> [WORK TASK] Starting with the line that contains "Suéter de Cuello" and stopping after the line that contains "Abessinienkatze mit Rose", return each line below exactly as written, with no others.
# # # # # # #
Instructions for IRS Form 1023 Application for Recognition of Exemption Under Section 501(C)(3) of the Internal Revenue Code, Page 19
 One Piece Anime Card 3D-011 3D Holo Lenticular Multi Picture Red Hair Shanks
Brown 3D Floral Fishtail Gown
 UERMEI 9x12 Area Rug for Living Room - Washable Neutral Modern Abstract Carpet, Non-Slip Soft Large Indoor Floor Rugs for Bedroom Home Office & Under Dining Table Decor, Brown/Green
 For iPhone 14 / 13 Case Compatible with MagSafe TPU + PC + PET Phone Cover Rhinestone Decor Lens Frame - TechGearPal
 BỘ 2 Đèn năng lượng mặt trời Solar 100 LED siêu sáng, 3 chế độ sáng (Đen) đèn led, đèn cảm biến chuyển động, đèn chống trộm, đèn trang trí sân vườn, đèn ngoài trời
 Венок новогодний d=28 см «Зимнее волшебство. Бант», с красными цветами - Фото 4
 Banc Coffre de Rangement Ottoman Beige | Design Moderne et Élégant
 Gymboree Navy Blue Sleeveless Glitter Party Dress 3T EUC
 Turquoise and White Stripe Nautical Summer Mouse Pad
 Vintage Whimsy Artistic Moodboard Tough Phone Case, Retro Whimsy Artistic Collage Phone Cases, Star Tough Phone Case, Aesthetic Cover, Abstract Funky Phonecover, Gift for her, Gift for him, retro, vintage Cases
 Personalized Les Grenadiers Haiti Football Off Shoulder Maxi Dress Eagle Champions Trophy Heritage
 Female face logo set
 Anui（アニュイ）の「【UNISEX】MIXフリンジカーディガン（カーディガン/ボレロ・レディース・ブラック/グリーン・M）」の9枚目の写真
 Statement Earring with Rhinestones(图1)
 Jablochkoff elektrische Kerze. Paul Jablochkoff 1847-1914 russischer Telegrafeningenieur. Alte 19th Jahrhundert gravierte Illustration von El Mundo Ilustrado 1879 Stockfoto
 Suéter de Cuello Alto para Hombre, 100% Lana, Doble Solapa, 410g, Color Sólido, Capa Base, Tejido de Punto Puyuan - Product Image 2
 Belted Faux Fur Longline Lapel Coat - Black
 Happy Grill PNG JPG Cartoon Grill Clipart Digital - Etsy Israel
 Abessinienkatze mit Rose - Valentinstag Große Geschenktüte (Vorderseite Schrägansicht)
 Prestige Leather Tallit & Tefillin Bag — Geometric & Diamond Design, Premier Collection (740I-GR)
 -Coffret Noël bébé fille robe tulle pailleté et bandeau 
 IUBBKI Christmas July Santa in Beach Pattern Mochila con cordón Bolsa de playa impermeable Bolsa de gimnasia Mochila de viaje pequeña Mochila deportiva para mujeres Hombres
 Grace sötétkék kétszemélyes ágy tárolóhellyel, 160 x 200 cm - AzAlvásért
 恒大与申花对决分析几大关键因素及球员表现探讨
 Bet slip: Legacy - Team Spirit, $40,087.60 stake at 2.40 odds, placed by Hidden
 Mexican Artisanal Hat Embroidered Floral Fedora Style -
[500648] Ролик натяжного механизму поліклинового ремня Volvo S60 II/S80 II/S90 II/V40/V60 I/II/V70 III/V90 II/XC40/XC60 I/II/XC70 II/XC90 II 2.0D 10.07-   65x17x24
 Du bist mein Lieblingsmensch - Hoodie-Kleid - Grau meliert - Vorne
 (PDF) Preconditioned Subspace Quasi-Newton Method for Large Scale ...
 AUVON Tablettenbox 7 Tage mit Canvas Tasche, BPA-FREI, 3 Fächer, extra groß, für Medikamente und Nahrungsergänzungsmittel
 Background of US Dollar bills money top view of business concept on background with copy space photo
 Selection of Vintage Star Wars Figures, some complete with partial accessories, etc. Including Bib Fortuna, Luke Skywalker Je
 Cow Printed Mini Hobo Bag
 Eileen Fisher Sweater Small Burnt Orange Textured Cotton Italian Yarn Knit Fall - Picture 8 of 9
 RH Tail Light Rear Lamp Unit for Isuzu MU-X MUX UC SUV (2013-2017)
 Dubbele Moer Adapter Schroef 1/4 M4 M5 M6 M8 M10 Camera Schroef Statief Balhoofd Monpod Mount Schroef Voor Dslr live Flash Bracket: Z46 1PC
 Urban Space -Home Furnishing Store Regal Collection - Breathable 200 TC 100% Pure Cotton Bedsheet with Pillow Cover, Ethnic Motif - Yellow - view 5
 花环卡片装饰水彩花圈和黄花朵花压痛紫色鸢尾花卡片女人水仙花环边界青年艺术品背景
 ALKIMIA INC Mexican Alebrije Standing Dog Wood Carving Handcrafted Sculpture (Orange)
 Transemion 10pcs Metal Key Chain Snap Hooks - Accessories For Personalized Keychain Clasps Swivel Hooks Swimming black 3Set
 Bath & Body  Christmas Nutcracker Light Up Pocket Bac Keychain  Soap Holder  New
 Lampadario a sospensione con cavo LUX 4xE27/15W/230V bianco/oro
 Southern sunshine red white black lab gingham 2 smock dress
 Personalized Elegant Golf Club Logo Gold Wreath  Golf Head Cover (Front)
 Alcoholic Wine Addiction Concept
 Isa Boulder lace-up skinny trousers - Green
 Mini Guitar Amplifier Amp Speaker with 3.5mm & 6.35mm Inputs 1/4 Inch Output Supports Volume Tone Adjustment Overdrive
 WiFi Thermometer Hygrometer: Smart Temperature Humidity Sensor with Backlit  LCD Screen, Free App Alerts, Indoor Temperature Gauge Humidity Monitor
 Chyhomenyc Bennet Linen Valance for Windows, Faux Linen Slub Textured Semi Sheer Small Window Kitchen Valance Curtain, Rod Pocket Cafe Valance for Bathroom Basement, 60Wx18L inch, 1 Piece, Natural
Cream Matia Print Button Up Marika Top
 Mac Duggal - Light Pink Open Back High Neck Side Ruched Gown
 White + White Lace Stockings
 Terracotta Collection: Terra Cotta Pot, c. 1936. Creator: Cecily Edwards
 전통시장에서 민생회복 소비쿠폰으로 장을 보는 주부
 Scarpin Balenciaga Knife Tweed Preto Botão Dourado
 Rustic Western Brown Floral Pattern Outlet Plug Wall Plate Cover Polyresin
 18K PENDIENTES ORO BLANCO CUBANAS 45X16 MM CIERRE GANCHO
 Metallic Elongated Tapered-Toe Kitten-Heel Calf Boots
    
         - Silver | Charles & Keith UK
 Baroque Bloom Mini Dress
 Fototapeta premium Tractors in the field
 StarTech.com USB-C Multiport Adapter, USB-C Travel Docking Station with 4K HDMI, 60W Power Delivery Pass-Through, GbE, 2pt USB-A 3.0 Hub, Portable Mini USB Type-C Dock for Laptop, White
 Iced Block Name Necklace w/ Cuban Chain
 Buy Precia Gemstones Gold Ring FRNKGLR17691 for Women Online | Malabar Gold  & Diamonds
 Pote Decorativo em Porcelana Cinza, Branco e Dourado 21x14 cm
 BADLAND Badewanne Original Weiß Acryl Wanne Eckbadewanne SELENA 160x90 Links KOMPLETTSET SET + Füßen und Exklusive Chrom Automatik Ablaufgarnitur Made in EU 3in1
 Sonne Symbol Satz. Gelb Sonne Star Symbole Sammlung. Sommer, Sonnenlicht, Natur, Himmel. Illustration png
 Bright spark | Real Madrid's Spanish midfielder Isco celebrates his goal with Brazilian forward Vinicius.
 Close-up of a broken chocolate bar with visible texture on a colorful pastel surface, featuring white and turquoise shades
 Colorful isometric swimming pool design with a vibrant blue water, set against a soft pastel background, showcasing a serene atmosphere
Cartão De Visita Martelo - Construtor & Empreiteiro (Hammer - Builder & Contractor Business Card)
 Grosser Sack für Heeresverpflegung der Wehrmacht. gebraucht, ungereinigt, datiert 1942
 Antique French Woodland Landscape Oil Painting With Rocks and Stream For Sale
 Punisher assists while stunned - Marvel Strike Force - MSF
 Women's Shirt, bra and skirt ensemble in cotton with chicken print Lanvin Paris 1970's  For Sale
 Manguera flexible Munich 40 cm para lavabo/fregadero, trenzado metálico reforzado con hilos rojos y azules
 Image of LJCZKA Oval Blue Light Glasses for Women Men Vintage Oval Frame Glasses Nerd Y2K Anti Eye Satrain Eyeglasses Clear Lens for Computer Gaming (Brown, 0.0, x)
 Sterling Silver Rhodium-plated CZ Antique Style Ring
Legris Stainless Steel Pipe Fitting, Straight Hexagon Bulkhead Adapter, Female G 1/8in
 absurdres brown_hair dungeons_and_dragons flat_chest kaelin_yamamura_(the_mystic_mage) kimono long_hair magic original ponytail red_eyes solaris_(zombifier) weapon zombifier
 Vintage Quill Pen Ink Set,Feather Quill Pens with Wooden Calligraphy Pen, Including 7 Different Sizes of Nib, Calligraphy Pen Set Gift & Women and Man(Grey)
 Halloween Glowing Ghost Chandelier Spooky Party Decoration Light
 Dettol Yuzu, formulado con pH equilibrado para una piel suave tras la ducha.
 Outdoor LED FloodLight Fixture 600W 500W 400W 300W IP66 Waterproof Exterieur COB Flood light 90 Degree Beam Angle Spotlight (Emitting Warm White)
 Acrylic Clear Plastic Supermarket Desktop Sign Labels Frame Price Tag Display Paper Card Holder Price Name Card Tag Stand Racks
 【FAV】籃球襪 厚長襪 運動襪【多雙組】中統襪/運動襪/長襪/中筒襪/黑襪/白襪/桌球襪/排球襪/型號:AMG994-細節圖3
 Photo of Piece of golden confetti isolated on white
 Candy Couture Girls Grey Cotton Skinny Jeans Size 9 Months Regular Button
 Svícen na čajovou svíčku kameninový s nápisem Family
# # # # # # #
> [ANSWER]
 Suéter de Cuello Alto para Hombre, 100% Lana, Doble Solapa, 410g, Color Sólido, Capa Base, Tejido de Punto Puyuan - Product Image 2
 Belted Faux Fur Longline Lapel Coat - Black
 Happy Grill PNG JPG Cartoon Grill Clipart Digital - Etsy Israel
 Abessinienkatze mit Rose - Valentinstag Große Geschenktüte (Vorderseite Schrägansicht)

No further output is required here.